When the Ignition Switch is moved to START, the battery voltage is applied to the Starter Solenoid. Both Solenoid Windings are energized. The circuit through the Pull In Winding is completed to ground through the Starter Motor. The Windings work together magnetically to pull in and hold the Plunger. The Plunger moves the Shift Lever. This action causes the Drive Assembly to rotate as it engages with the Flywheel ring gear on the engine. At the same time, the Plunger also closes the solenoid switch contacts in the Starter Solenoid. Full battery voltage is applied directly to the Starter Motor and it cranks the engine.

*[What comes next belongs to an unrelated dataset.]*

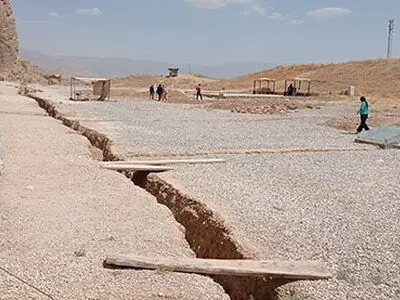 فرونشست هیچ تاثیری در آرامگاه پادشاهان هخامنشی و نقش برجسته‌های هخامنشی ندارد/ نگران کعبه زرتشت هستیم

As soon as the solenoid contacts close, voltage is no longer applied through the Pull in Winding, since battery voltage is applied to both ends of the Windings. The Hold In Winding remains energized, and its magnetic field is strong enough to hold the Plunger, Shift Lever, and Drive Assembly Solenoid switch contacts in place to continue cranking the engine.

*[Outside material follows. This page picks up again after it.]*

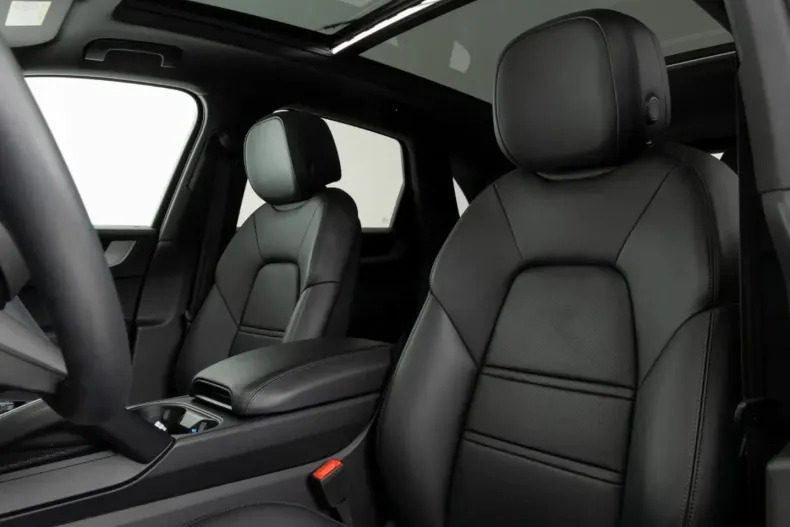 Porsche Cayenne din 2024 cu 14.229 km - oferta POR211543 - foto 43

When the ignition switch is released from the START position, battery voltage is removed from the Starter Solenoid and the junction of the two Windings. Voltage is applied from the motor contacts through both Windings to ground at the end of the Hold in Winding. However, the voltage applied to the Pull in Winding is now opposing the voltage applied when the Winding was first energized. The magnetic fields of the Pull in and Hold in Windings now oppose one another. The Return Spring then causes the Drive Assembly to disengage and the solenoid switch contacts to open simultaneously. As soon as the contacts open, the starter circuit is turned OFF.

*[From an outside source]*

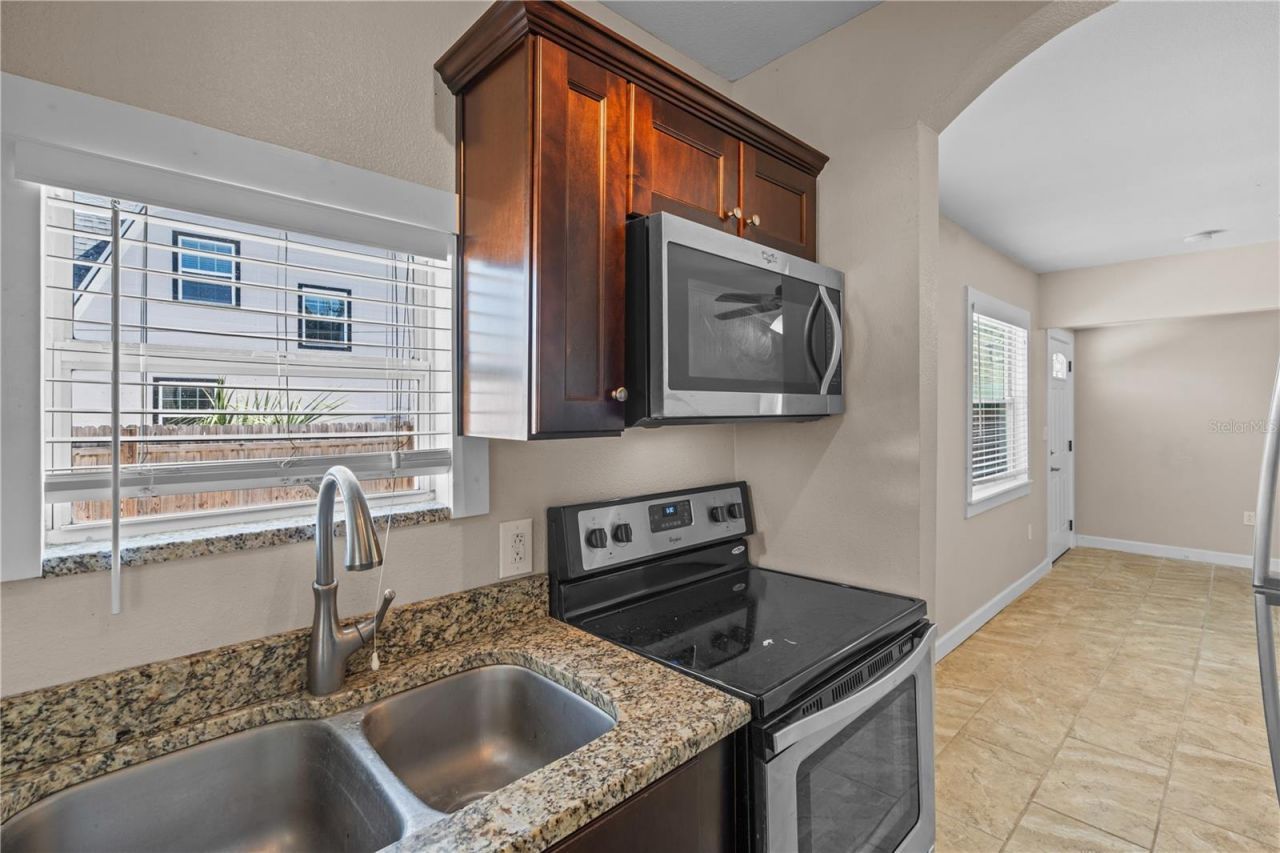 222 25th Street N, Saint Petersburg, FL 33713 Photo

The Generator provides voltage to operate the vehicle electrical system and to charge its battery. A magnetic field is created when current flows through the Rotor. This field rotates as the Rotor is driven by the engine, creating an AC voltage in the Stator Windings. The AC voltage is converted to DC voltage by the Rectifier Bridge, and is supplied to the electrical system at the battery terminal. The Generator's Regulator uses digital techniques to supply the Rotor current and thereby control the output voltage. The Rotor current is proportional to the width of the electrical pulse supplied by the Regulator. When the Ignition Switch is placed in the RUN position, voltage is supplied to terminals L and F, turning on the Regulator. Narrow width pulses are supplied to the Rotor creating a weak magnetic field. When the engine is started, the Regulator senses Generator rotation by detecting AC voltage at the Stator through an internal wire. Once the engine is running, the Regulator varies the field current by controlling the pulse width. This regulates the Generator output voltage for proper Battery charging and electrical system operation. The Regulator sends output to the PCM which lights the Volts telltale if a fault is detected.